What are you giving thanks for this week?
Me, I've got an enviable bounty: wonderful family, hilarious friends, health (decent), youth (fading) and a comfortable life that's continually interesting, at least to me. My horn of plenty overfloweth and I am constantly grateful for my extraordinary good luck.
And there's one more blessing on my list as of this morning, when NPR Weekend Edition Sunday puzzlemaster Will Shortz was kind enough to use another puzzle I wrote as this week's listener challenge on his weekly radio puzzle segment.
I've always liked puzzles, mysteries and trivia. I like the
New York Times crossword, Cox and Rathvon's "Puzzler" cryptic crossword in the
Atlantic, Will Shortz on the radio, Donald J. Sobol's
Two-Minute Mysteries and Agatha Christie when I was a kid, Trivial Pursuit, Woody Allen's
Manhattan Murder Mystery, early 1980s
Games magazine (whose then-staffers would go on to edit the
WSJ,
NYT and
NY Sun crosswords),
Jeopardy! and
Wheel of Fortune as both viewer and contestant, the "radio game," baseball trivia, word puzzles, the challenge of competitive poker, card tricks, number tricks, mind-reading tricks, memory tricks.
I like solving things, knowing things, learning things, amazing people by remembering things, stumping people, being stumped, teaching things, being taught.
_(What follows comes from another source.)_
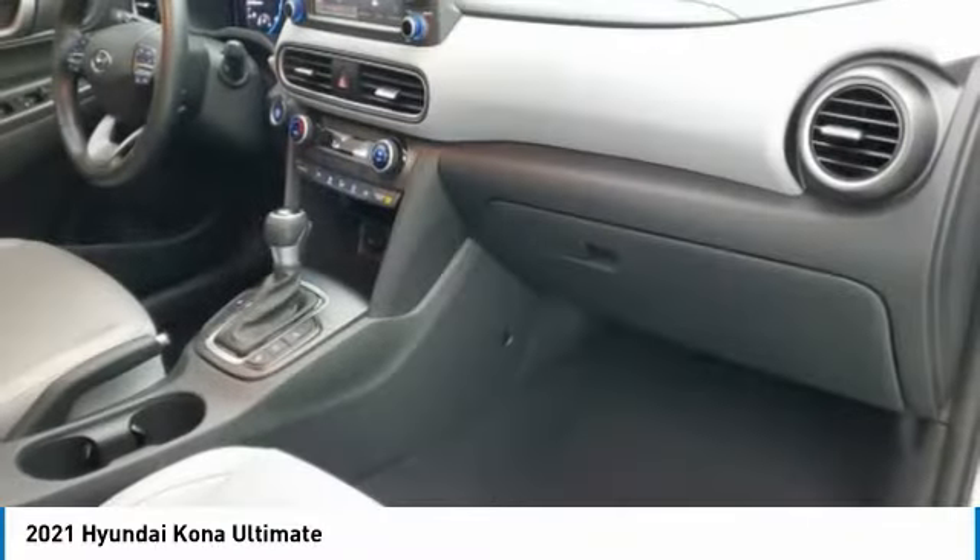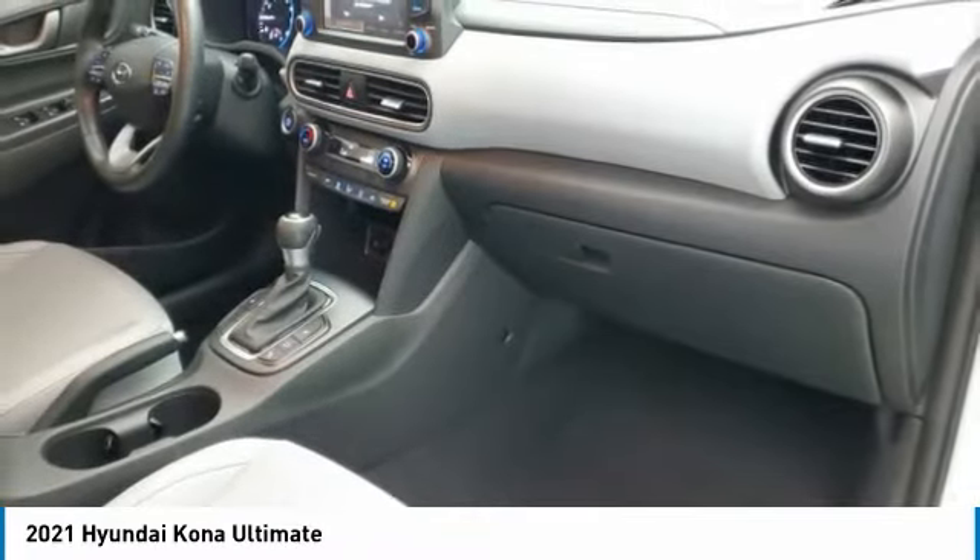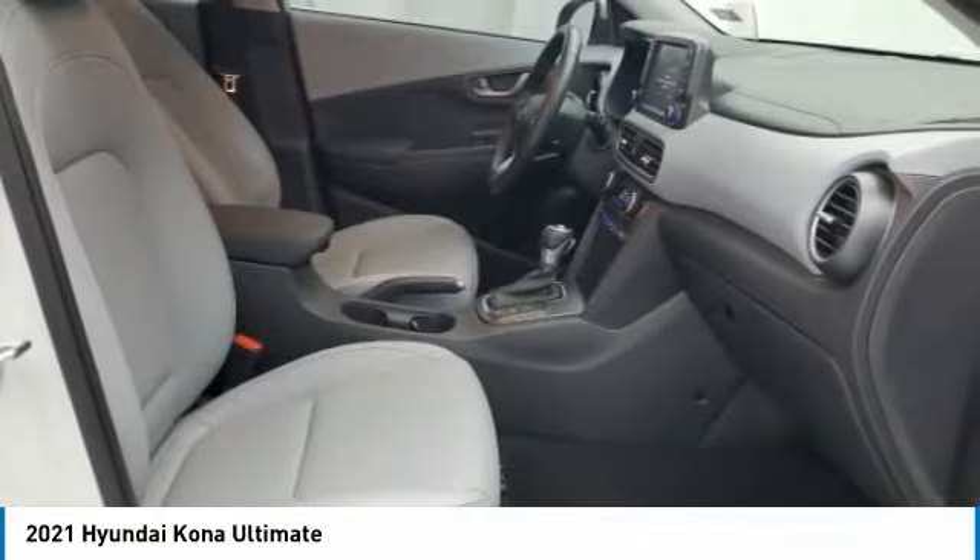This isn't just a vehicle, it's an experience. So stop in for a test drive today.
I like breaking out a deck of cards and taking 20 seconds to blow someone's mind. I like when someone tells me an interesting piece of trivia, and if it's good enough I'll never forget it. There is so little wonder in banal, prosaic everyday life that I take pleasure in the small moments of awe and discovery we can all choose to engage in.
Taking it to a meta level, I've discovered in recent years that I don't just like solving and posing puzzles, I like creating them too. Happily, there are forums like Weekend Edition where we can share them with others. It was a thrill when
Mr. Shortz used a puzzle I wrote on the radio last July, and it's a thrill again today.
Here's my new puzzle:Think of a word containing the consecutive letters O-K. Remove the O-K, and you'll get a new word that's a synonym of the first word. What words are these?Solved it?
You can enter here for your chance to play a different puzzle with Will Shortz on the radio next week. Good luck.
One of the abiding blessings of the Internet is its uncanny knack for bringing like-minded people together. I frequent several blogs about the
New York Times crossword and the NPR puzzle, and also post a standing offer on this blog to provide a hint for the latter. Between these blogs' communities of adherents and my own regular email correspondents who ask for (and, I'm not ashamed to admit, provide) NPR puzzle hints, I've got a nice circle of puzzle people around me. Some of them I've met in person, others I know as email pen pals and many more just as fellow blog commenters.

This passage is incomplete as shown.